Could you write out the line containing "Roadster Brown Ribbed" and all the lines below it in the data, exactly, through the final one and nothing else?

Data extract
☆ ☆ ☆ ☆
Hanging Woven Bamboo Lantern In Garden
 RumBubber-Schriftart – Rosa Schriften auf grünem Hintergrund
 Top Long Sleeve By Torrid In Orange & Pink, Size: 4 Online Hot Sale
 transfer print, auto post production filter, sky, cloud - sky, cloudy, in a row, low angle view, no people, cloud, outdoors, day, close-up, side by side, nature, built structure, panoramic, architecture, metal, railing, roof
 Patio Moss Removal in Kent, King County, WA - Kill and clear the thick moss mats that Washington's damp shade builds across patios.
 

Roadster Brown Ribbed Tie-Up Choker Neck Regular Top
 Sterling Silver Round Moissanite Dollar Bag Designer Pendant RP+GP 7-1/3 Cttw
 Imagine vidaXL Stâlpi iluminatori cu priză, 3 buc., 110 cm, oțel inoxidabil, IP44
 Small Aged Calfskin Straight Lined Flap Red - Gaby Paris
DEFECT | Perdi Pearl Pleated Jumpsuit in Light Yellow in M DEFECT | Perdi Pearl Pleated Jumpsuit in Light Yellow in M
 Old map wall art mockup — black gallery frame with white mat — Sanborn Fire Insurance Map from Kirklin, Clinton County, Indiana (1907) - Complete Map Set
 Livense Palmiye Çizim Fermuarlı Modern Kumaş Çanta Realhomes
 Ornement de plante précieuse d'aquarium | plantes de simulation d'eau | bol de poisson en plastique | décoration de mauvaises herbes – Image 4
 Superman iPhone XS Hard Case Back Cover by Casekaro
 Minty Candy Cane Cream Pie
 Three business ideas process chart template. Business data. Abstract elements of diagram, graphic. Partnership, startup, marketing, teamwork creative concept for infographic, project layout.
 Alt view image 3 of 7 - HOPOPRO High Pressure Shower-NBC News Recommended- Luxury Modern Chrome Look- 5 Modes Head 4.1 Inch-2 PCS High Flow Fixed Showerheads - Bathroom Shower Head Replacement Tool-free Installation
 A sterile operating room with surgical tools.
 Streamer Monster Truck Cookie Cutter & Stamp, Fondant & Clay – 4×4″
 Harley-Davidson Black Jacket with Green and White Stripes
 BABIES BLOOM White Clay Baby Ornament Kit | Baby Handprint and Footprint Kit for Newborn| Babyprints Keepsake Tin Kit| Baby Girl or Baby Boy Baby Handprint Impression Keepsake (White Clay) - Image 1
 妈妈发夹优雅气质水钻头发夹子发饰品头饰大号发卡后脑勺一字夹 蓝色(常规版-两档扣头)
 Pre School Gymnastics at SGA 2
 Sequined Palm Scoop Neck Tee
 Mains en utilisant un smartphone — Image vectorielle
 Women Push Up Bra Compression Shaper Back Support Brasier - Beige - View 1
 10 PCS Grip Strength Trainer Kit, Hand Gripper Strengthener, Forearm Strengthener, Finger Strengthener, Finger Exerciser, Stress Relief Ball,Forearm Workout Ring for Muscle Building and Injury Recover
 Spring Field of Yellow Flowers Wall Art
☆ ☆ ☆ ☆
Solution for this problem
Roadster Brown Ribbed Tie-Up Choker Neck Regular Top
 Sterling Silver Round Moissanite Dollar Bag Designer Pendant RP+GP 7-1/3 Cttw
 Imagine vidaXL Stâlpi iluminatori cu priză, 3 buc., 110 cm, oțel inoxidabil, IP44
 Small Aged Calfskin Straight Lined Flap Red - Gaby Paris
DEFECT | Perdi Pearl Pleated Jumpsuit in Light Yellow in M DEFECT | Perdi Pearl Pleated Jumpsuit in Light Yellow in M
 Old map wall art mockup — black gallery frame with white mat — Sanborn Fire Insurance Map from Kirklin, Clinton County, Indiana (1907) - Complete Map Set
 Livense Palmiye Çizim Fermuarlı Modern Kumaş Çanta Realhomes
 Ornement de plante précieuse d'aquarium | plantes de simulation d'eau | bol de poisson en plastique | décoration de mauvaises herbes – Image 4
 Superman iPhone XS Hard Case Back Cover by Casekaro
 Minty Candy Cane Cream Pie
 Three business ideas process chart template. Business data. Abstract elements of diagram, graphic. Partnership, startup, marketing, teamwork creative concept for infographic, project layout.
 Alt view image 3 of 7 - HOPOPRO High Pressure Shower-NBC News Recommended- Luxury Modern Chrome Look- 5 Modes Head 4.1 Inch-2 PCS High Flow Fixed Showerheads - Bathroom Shower Head Replacement Tool-free Installation
 A sterile operating room with surgical tools.
 Streamer Monster Truck Cookie Cutter & Stamp, Fondant & Clay – 4×4″
 Harley-Davidson Black Jacket with Green and White Stripes
 BABIES BLOOM White Clay Baby Ornament Kit | Baby Handprint and Footprint Kit for Newborn| Babyprints Keepsake Tin Kit| Baby Girl or Baby Boy Baby Handprint Impression Keepsake (White Clay) - Image 1
 妈妈发夹优雅气质水钻头发夹子发饰品头饰大号发卡后脑勺一字夹 蓝色(常规版-两档扣头)
 Pre School Gymnastics at SGA 2
 Sequined Palm Scoop Neck Tee
 Mains en utilisant un smartphone — Image vectorielle
 Women Push Up Bra Compression Shaper Back Support Brasier - Beige - View 1
 10 PCS Grip Strength Trainer Kit, Hand Gripper Strengthener, Forearm Strengthener, Finger Strengthener, Finger Exerciser, Stress Relief Ball,Forearm Workout Ring for Muscle Building and Injury Recover
 Spring Field of Yellow Flowers Wall Art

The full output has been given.